Tuesday, January 18, 2011

Revised DoD Business Systems Proposal Still Falls Short

Everyone knows the first rule of business is there are risks to be taken and rewards for taking those risks. But lately, when doing business with the Defense Department and other government agencies, it’s been all risk with little reward. In the government’s appropriate zeal to protect taxpayer dollars, it has forgotten that its business relationships with contractors are two-way streets. One place this is most evident is in the Defense Department’s proposed rule governing when it’s appropriate to withhold payments from contractors because of faulty business systems.

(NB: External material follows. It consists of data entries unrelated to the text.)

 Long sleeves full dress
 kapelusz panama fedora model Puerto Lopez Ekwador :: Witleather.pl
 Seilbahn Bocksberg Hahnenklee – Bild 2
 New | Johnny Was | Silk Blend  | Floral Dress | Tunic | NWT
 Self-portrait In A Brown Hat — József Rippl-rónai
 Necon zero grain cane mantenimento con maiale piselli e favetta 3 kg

When initially proposed in January 2010, PSC found the rule failed to fully describe the attributes of each of the six business systems that a contractor would need to comply with in order to have an “approved” system. It’s hard to follow your customer’s wishes when the customer won’t define the boundaries and standards. We also found the enforcement and penalties in that proposal were disproportionate to the deficiencies identified and the risk to the government from one or more of those deficiencies. In some cases, Defense agencies would be allowed to withhold payments in situations where government dollars were NOT at risk, and that’s a risky proposition for any business. The customers’ auditors weren’t even required to review and validate fixes and release properly earned funds in a timely manner.

While the proposal was improved significantly with the Dec. 3 revision, it still falls short in several key areas, as PSC and other industry groups spelled out in comments submitted on January 10 by the Council of Defense and Space Industry Associations.

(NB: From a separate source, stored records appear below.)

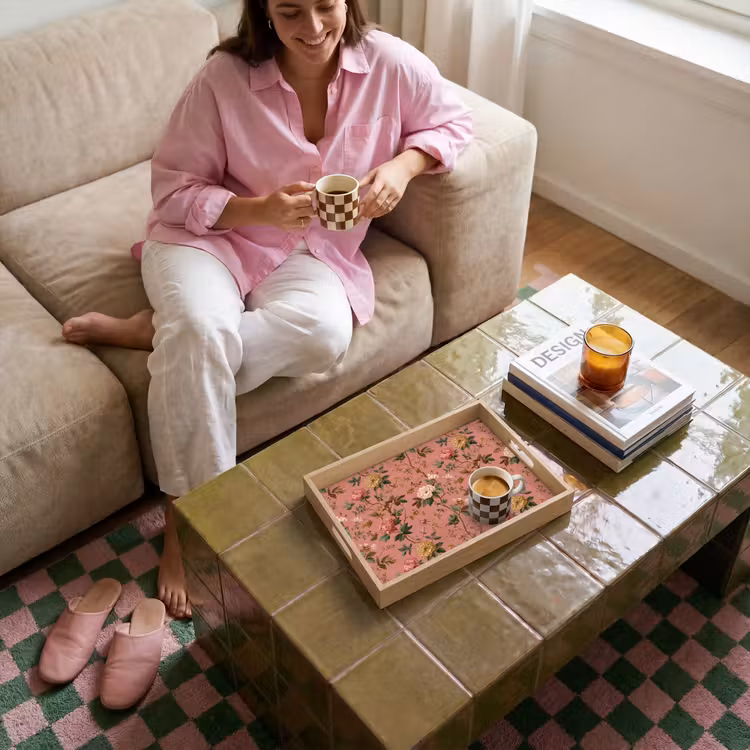 Vassoio - Classico - Botanico - Rosa — 4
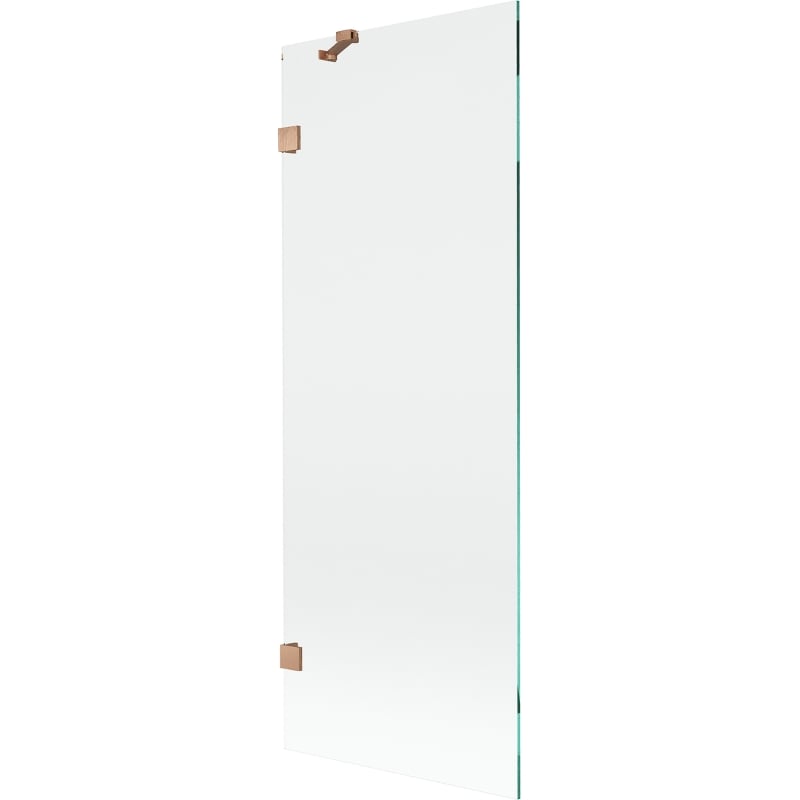 Mexen Lunar parawan nawannowy 1-skrzydłowy 70 x 150 cm, transparent, miedź szczotkowana - 897-070-000-65-00
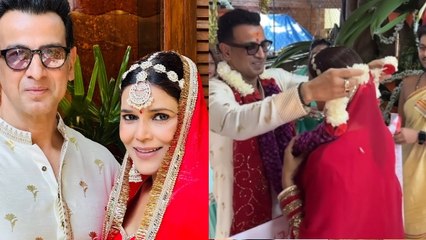 रोनित रॉय ने पत्‍नी नीलम से रचाया दोबारा ब्याह, 20वीं सालगिरह पर सात फेरे लेकर फिर दोहराई प्रतिज्ञा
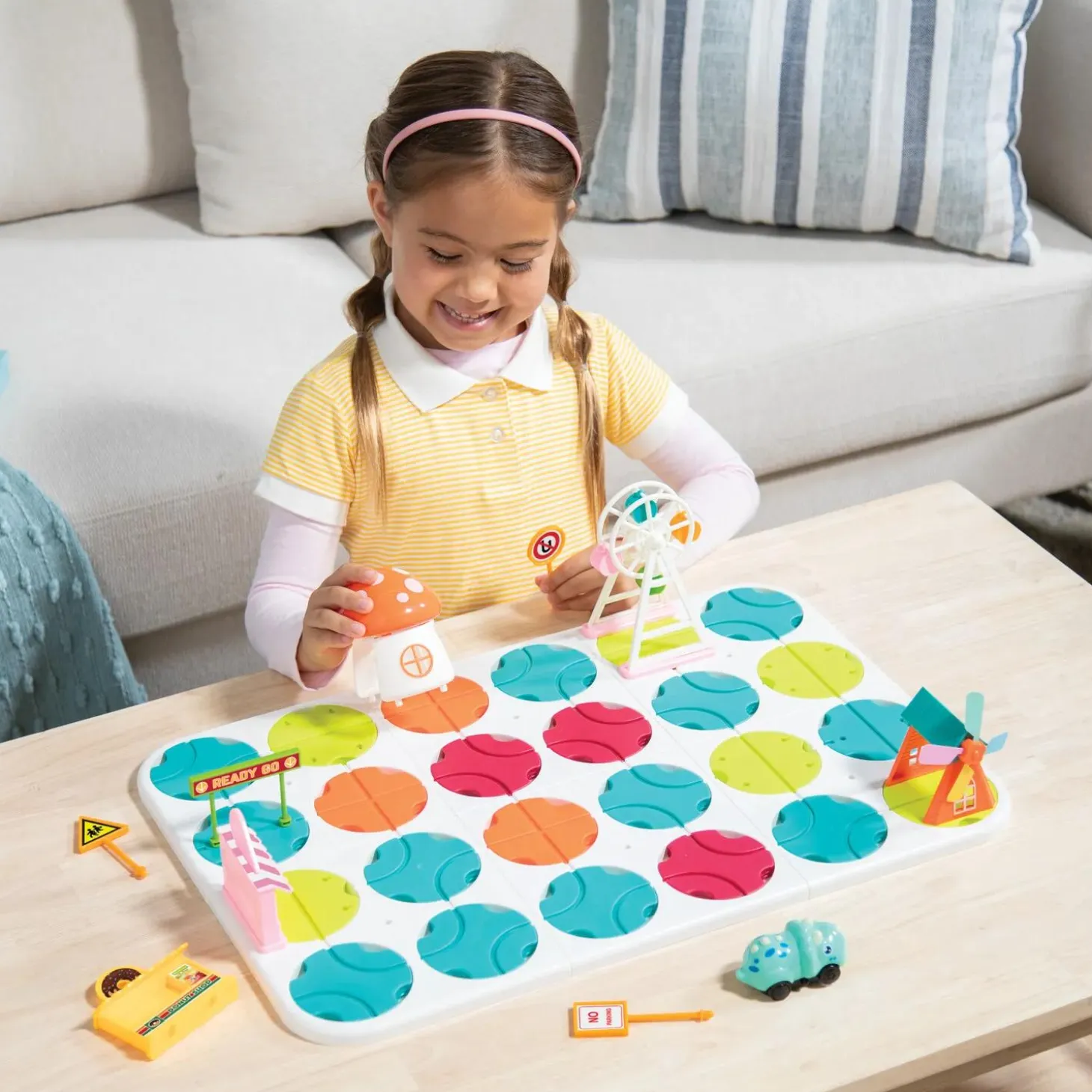 Twist-a-Maze Dino Fair Frenzy Toddler Puzzle Track Vehicle Set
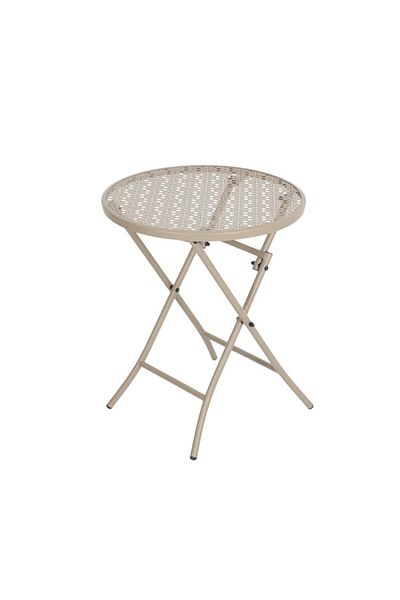 mr-everything Beige metal mesh folding table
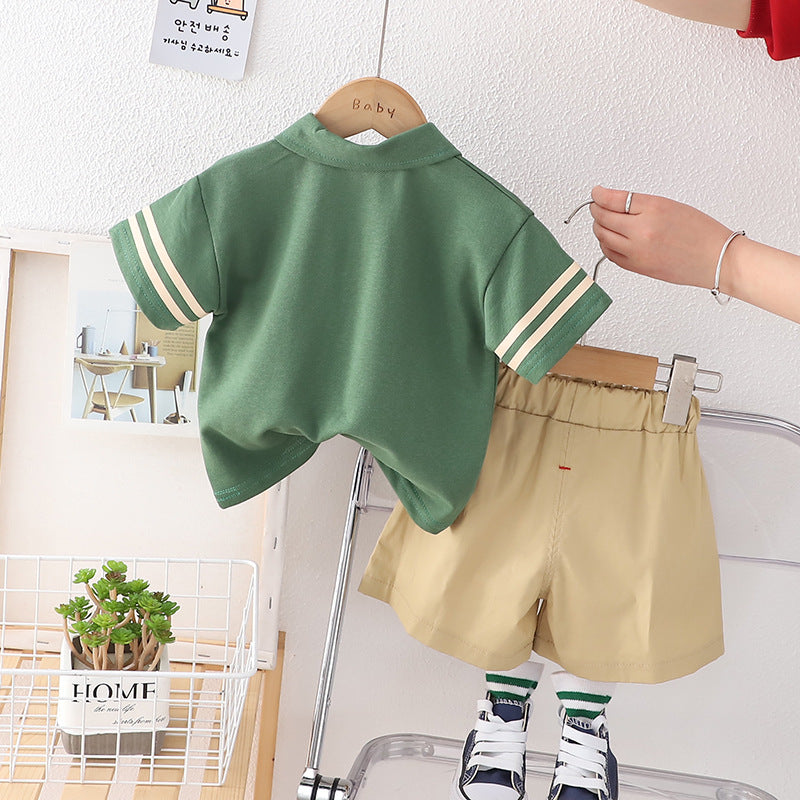 Baby Cotton Polo Shirts and Shorts Sets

Among the key failings of the December rule:

1. While the attributes of each of the six systems are better defined, inconsistencies remain among the procedures for dealing with a faulty system and between the proposed rule and existing parts of the Federal Acquisition Regulation.

2. The rule still doesn’t require Defense auditors to identify actual or potential cost impacts on the government of the system deficiencies they identify, meaning that the amount being withheld could still be disproportionate to the potential harm to the government.

3. The rule allows withholdings on fixed-price contracts, which makes no sense because, by definition, accounting systems aren’t used to determine the cost to government since that price is set prior to the start of work.

A final area of concern isn’t with the rule per se, but with an agency tasked with carrying out key portions of the rule: the Defense Contract Audit Agency (DCAA). DCAA is understaffed and its employees are not following accepted, standard auditing practices. This has several obvious implications for business, such as the possibility auditors will misdiagnose a flaw or fail to conduct the appropriate follow up exams when flaws are fixed. In either case, compliant contractors would suffer needlessly, and in the end that cost of carrying unreimbursed payments would be passed on to the taxpayer as a way of mitigating risk.

Clearly establishing the key attributes of the business systems is critical for both the Defense Department and its contractors. And both the department and contractors have an interest in identifying and minimizing risk. The December rule is an improvement over the earlier version but needs further improvement. We’re willing to help make these business systems an important component of smart contracting at DoD.